## TASK ITEM
Reproduce the following data exactly, minus any images.
(DATASET RECORDS Opens)
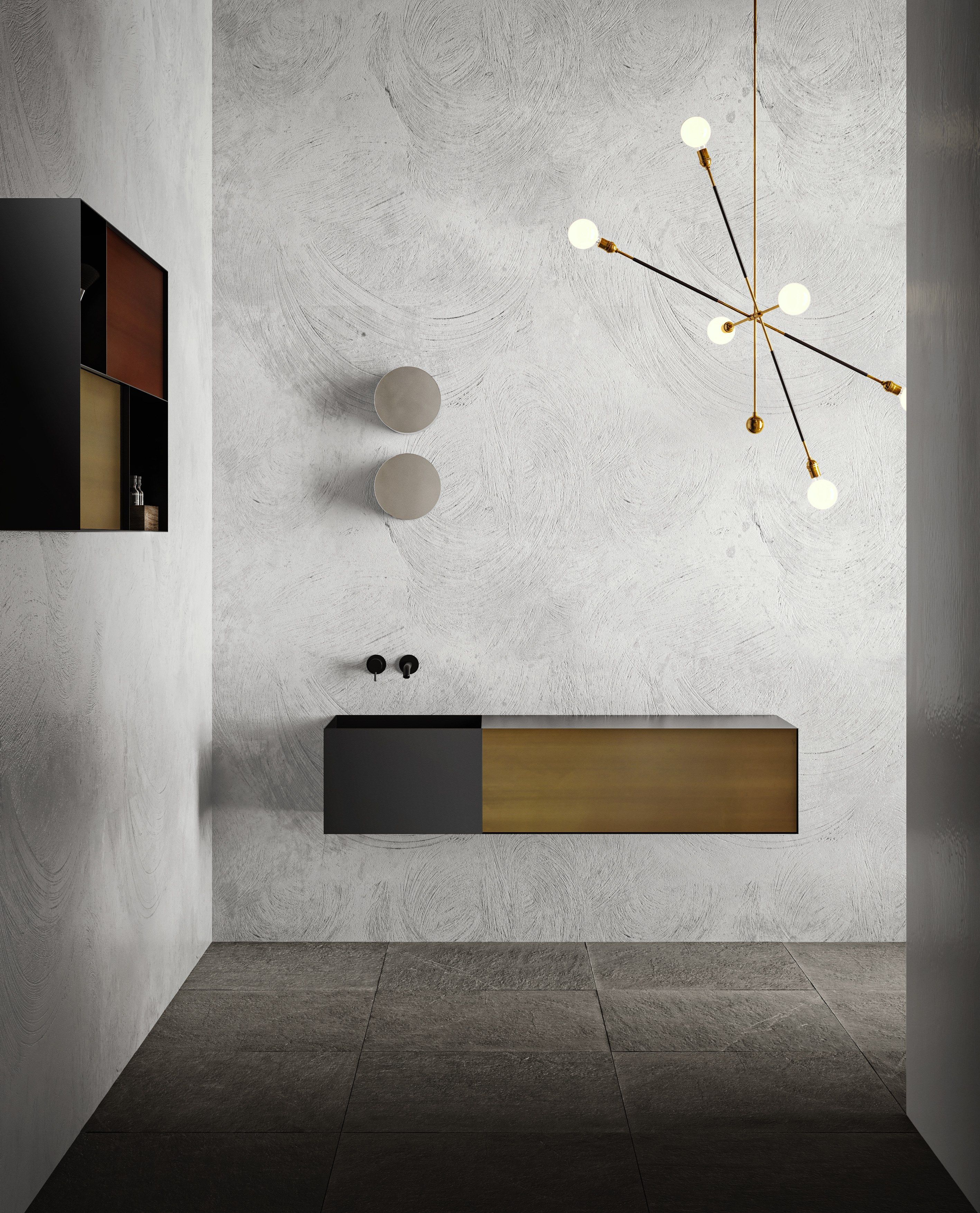 Подвесной туалетный столик из листового металла с дверцами Moab Zero20 ARCH-00133463 - Вид №17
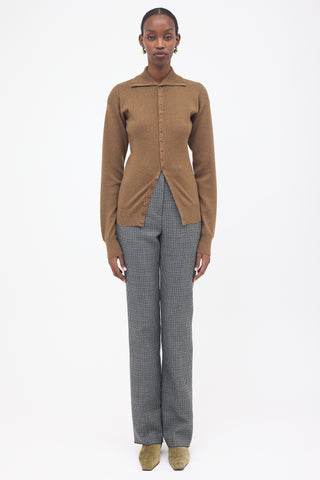 Lemaire Wool Jersey Cardigan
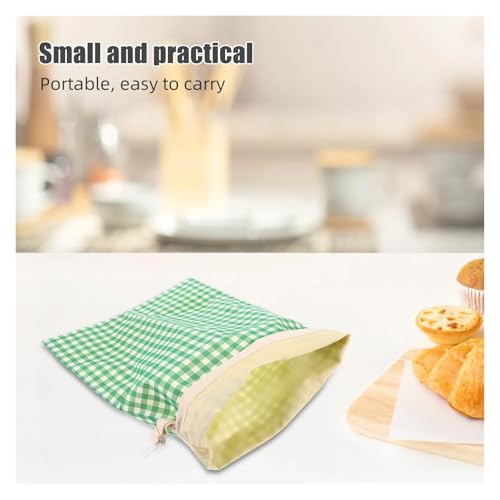 Bolsa de pan de cera de abeja para evitar el pan duro y conservar sándwiches sin plástico 5
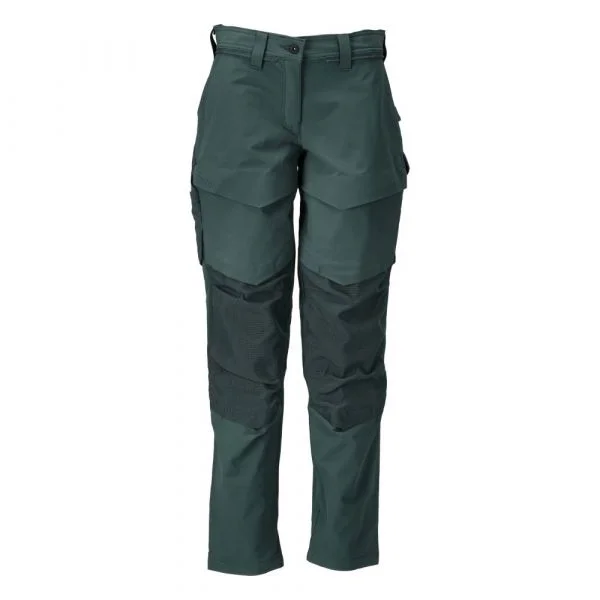 Mascot Customized 22378 Big Trousers With Knee Pad Pockets Verde 54 / 32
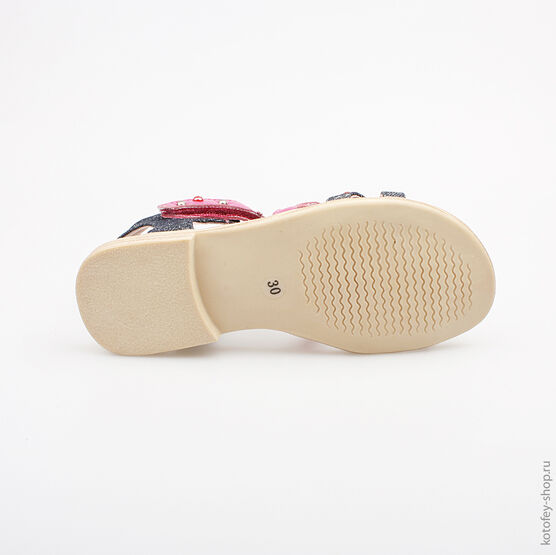 524014-21 Босоножки для девочки син-фук фото №3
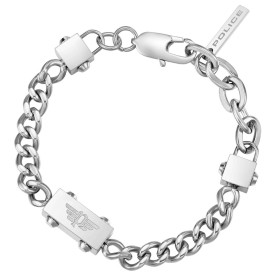 Bracelete masculino Police PEAGB0002101 Aço inoxidável 19 cm de Police, Pulseiras - Ref: S0381369, Preço: 32,40 €, Desconto: %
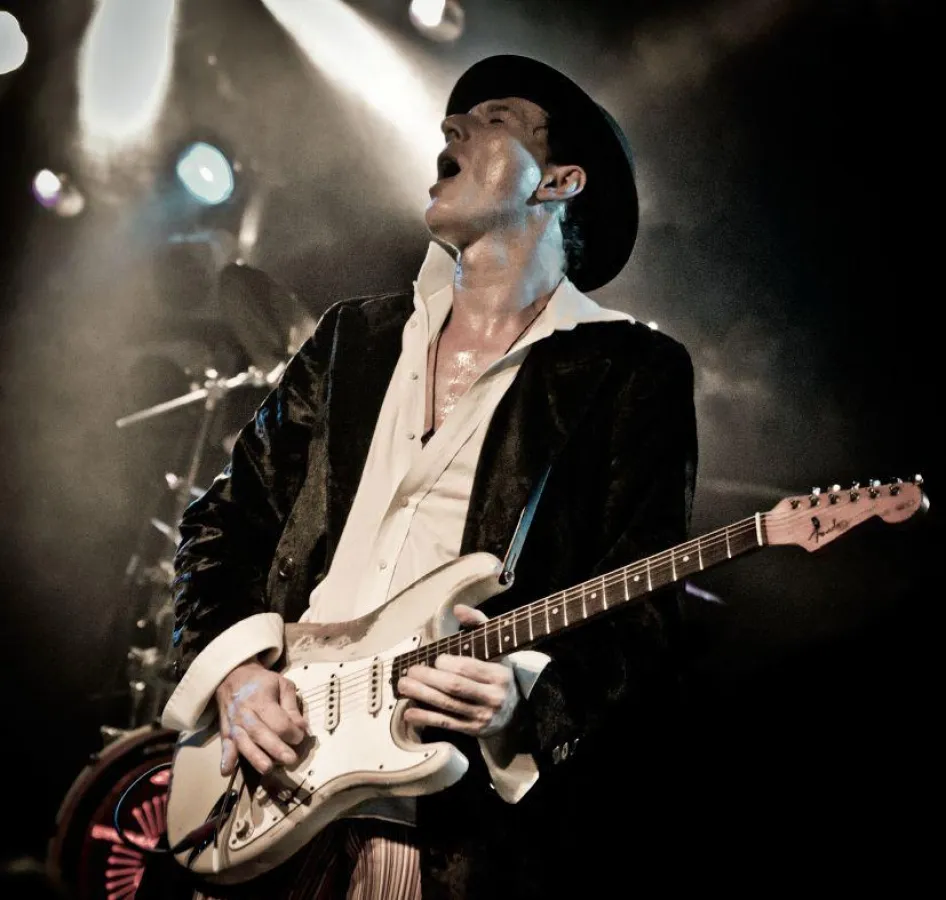 Errorheads Marcus Deml mit seiner 62er Fender Stratocaster
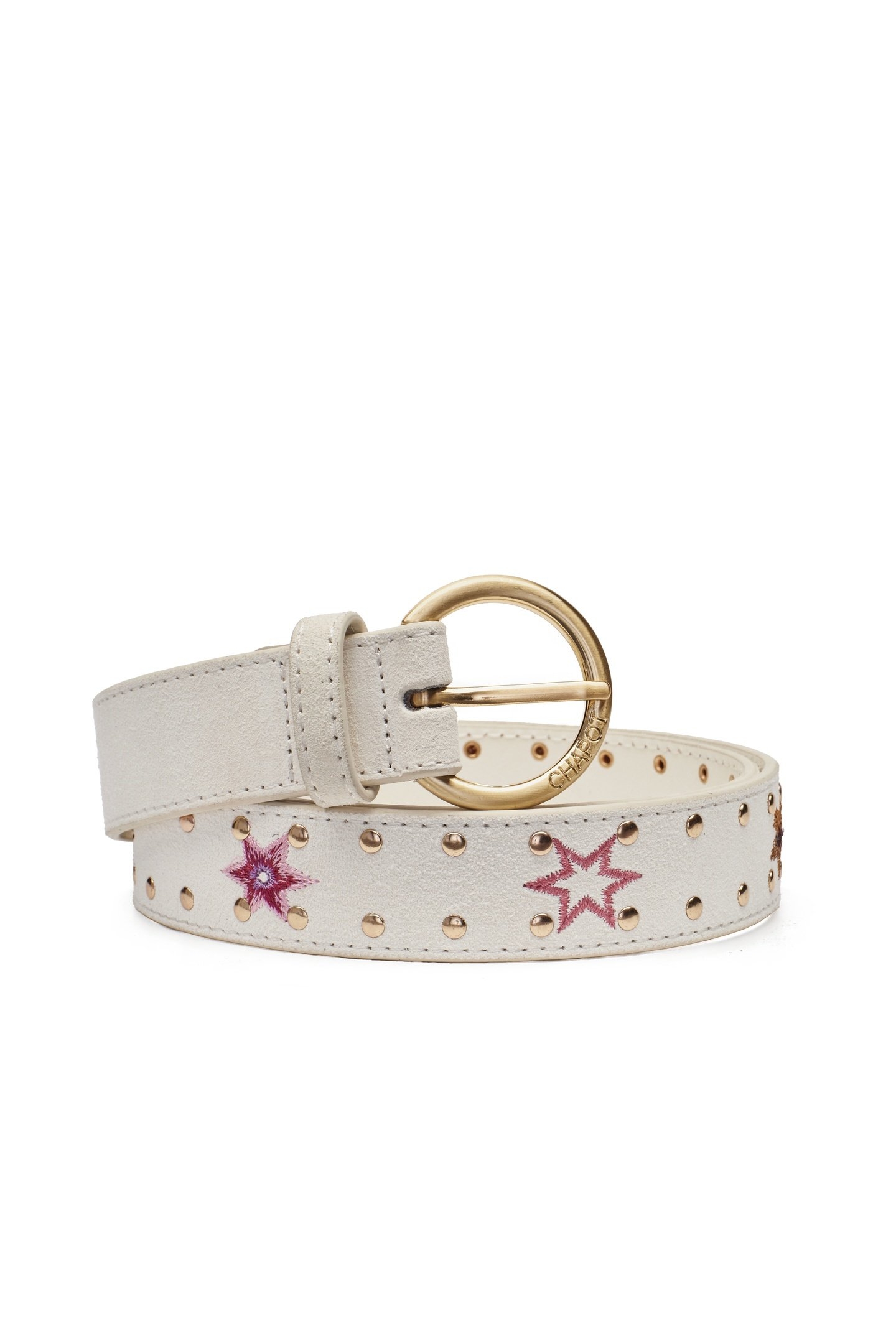 STAR STUDDED BELT COSY WHITE 2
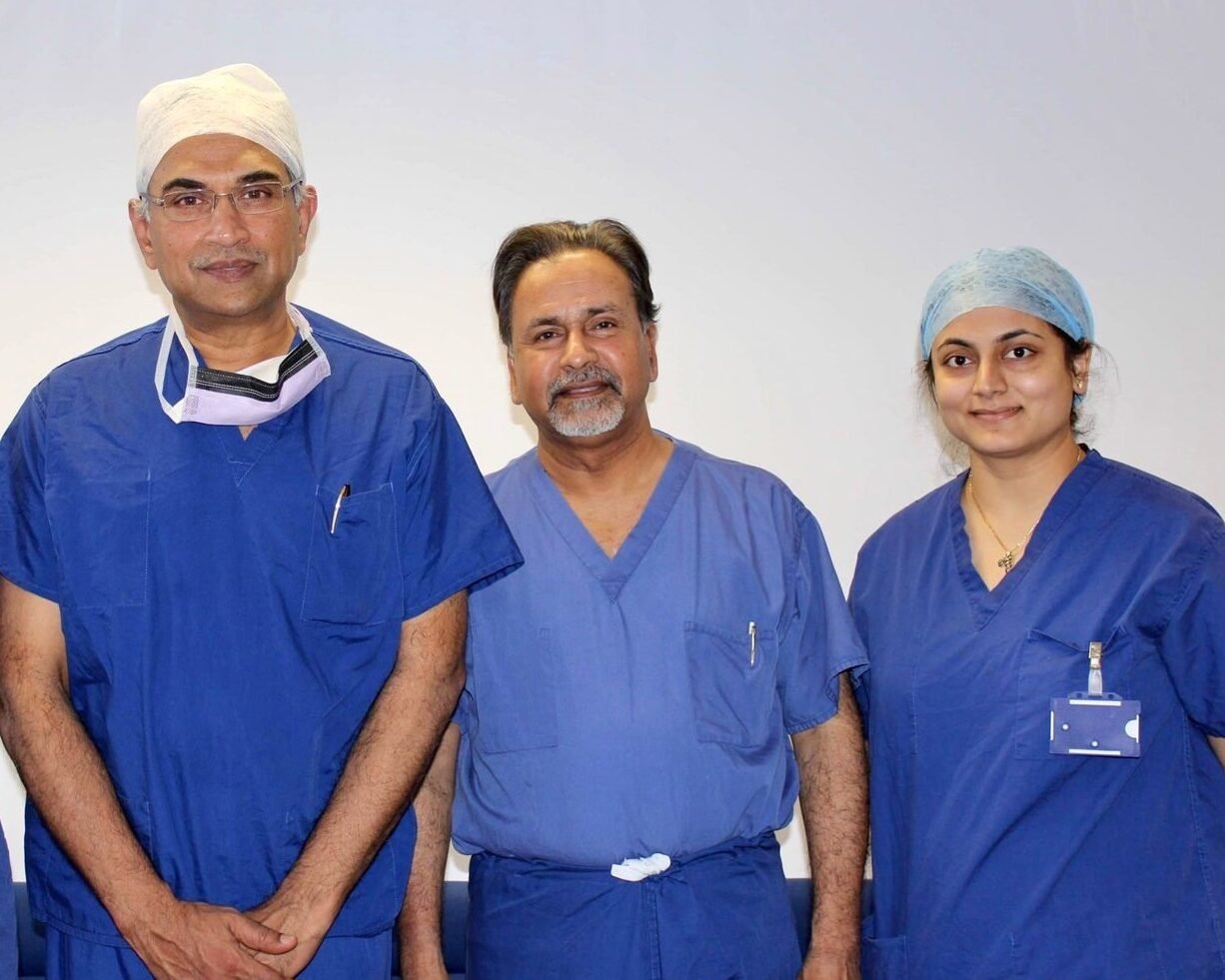 Dr. Anuradha Yadav with eminent doctors at Broomfield Hospital in Chelmsford, UK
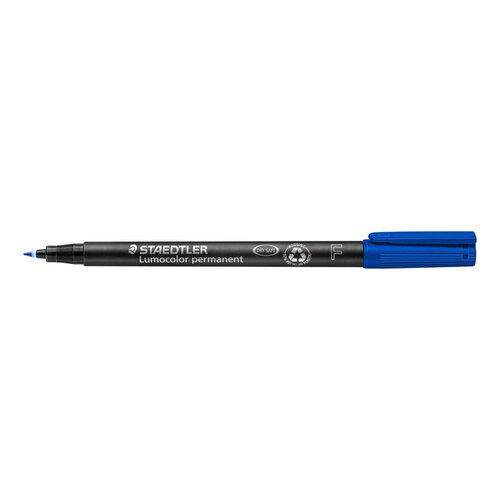 Staedtler Feutre Staedtler Lumocolor 318 permanent Fin bleu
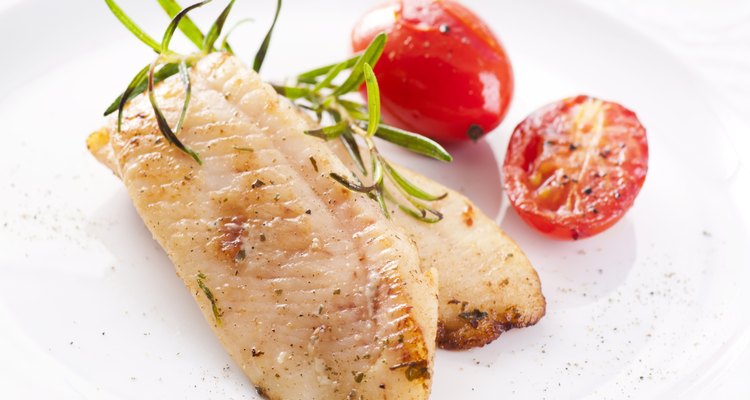 Fried Fish Fillet with Tomatoes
(DATASET RECORDS Closes)
## RESPONSE BOX
 Подвесной туалетный столик из листового металла с дверцами Moab Zero20 ARCH-00133463 - Вид №17
 Lemaire Wool Jersey Cardigan
 Bolsa de pan de cera de abeja para evitar el pan duro y conservar sándwiches sin plástico 5
 Mascot Customized 22378 Big Trousers With Knee Pad Pockets Verde 54 / 32
 524014-21 Босоножки для девочки син-фук фото №3
 Bracelete masculino Police PEAGB0002101 Aço inoxidável 19 cm de Police, Pulseiras - Ref: S0381369, Preço: 32,40 €, Desconto: %
 Errorheads Marcus Deml mit seiner 62er Fender Stratocaster
 STAR STUDDED BELT COSY WHITE 2
 Dr. Anuradha Yadav with eminent doctors at Broomfield Hospital in Chelmsford, UK
 Staedtler Feutre Staedtler Lumocolor 318 permanent Fin bleu
 Fried Fish Fillet with Tomatoes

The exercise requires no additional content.